* Your goal
Give an exact copy of the data that follows, but none of its pictures.

* Data shown
────────

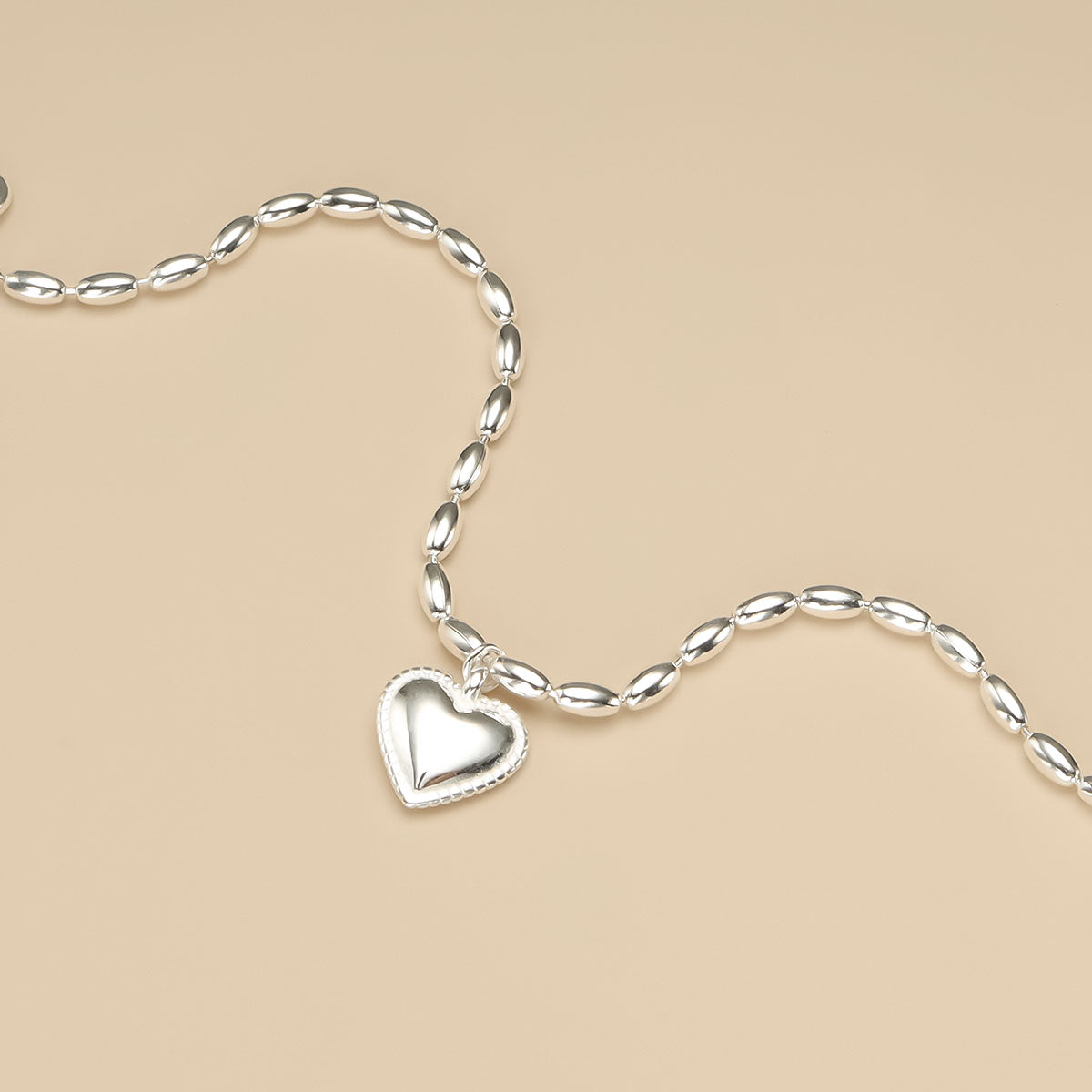 The close shot of silver heart bracelet.
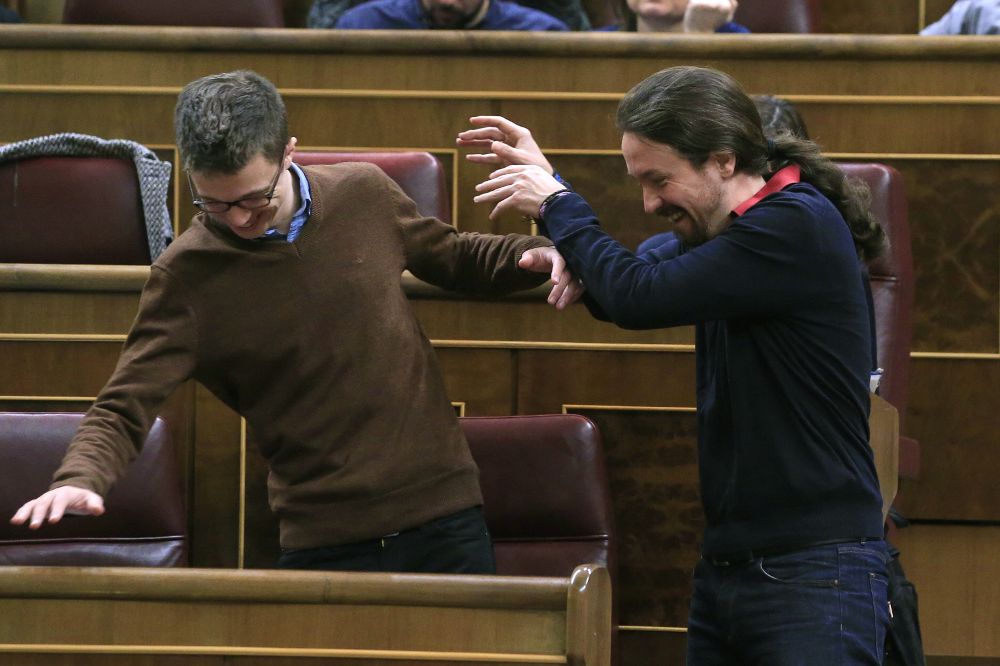 El líder de Podemos, Pablo Iglesias (d), y el portavoz del partido, Íñigo Errejón, bromean poco antes del pleno del Congreso de los Diputados de hoy.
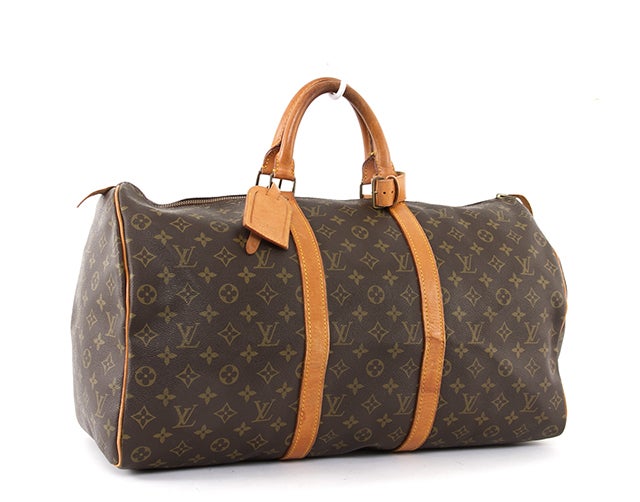 This is a guaranteed authentic Louis Vuitton Keepall 50 Bag. Done in classic LV signature Monogram Canvas material with leather trim and golden hardware, this authentic Louis Vuitton carryall is a classic. The interior is lined in a brown textile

────────

* Reply
 The close shot of silver heart bracelet.
 El líder de Podemos, Pablo Iglesias (d), y el portavoz del partido, Íñigo Errejón, bromean poco antes del pleno del Congreso de los Diputados de hoy.
 This is a guaranteed authentic Louis Vuitton Keepall 50 Bag. Done in classic LV signature Monogram Canvas material with leather trim and golden hardware, this authentic Louis Vuitton carryall is a classic. The interior is lined in a brown textile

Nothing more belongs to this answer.